Jego wyjazd cieszy i martwi
Kiedy Marek powiedział mi, że kolega namawia go na przyjazd do Anglii, bo ma dla niego pracę, najpierw się ucieszyłam.
- Cudownie, wreszcie skończą się nasze kłopoty finansowe - wykrzyknęłam z radością i rzuciłam się mu w ramiona.
Nie było nam łatwo. Z jednej skromnej pensji męża utrzymać rodzinę z dwójką małych dzieci wymagało liczenia się z każdym groszem. O mojej pracy nie było mowy, ponieważ córeczki często chorowały. Czynsz i inne opłaty za pokój z kuchnia nie były wysokie, ale ta stała troska, aby starczyło od pensji do pensji, ciążyła mi jak kamień. W nocy nie mogłam spać, ale wtedy Marek mnie przytulał i pocieszał, że wszystko się dobrze ułoży. Jego miłość, czułość dla mnie i dziewczynek była jak mocny filar.

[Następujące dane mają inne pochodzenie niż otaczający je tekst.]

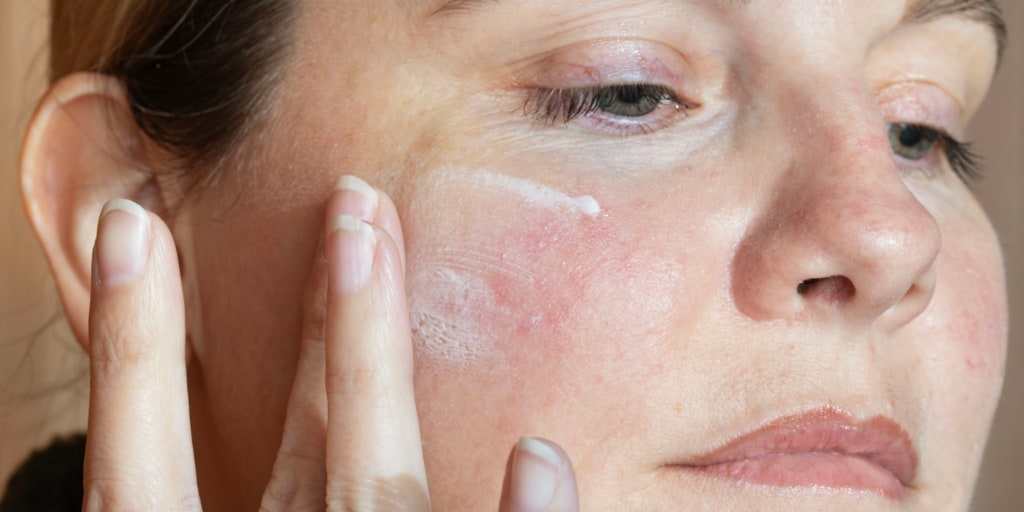 rosacea treatment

Kiedy powiedział mi o propozycji dobrze płatnej pracy w Anglii, w nocy kochaliśmy się namiętnie, jak zaraz po ślubie. Ale gdy opadła radość, górę wzięły obawy. Znów nie mogłam spać, bo tyle słyszałam od znajomych o rozwodach i rozstaniach nawet dobrych małżeństw.
- Obiecaj mi, że nie spojrzysz w Londynie na żadną dziewczynę - przypominałam mu codziennie.
- Najpiękniejsze dziewczyny mam w domu - śmiał się z moich obaw.
Kiedy wychodził do pracy, biłam się z myślami: zgodzić się czy nie na jego pracę w Londynie. Każdego dnia znajdowałam inne argumenty. Robiłam też, co mogłam, żeby odwlec jego wyjazd. Aż pewnego dnia Marek po powrocie, powiedział, że traci pracę. Wiedziałam, że ta sytuacja przesądziła decyzję o wyjeździe. I nic go już nie powstrzyma. Wiedziałam, że zostanę sama ze swoim strachem o trwałość naszego małżeństwa, bo Marek pojedzie za pracą.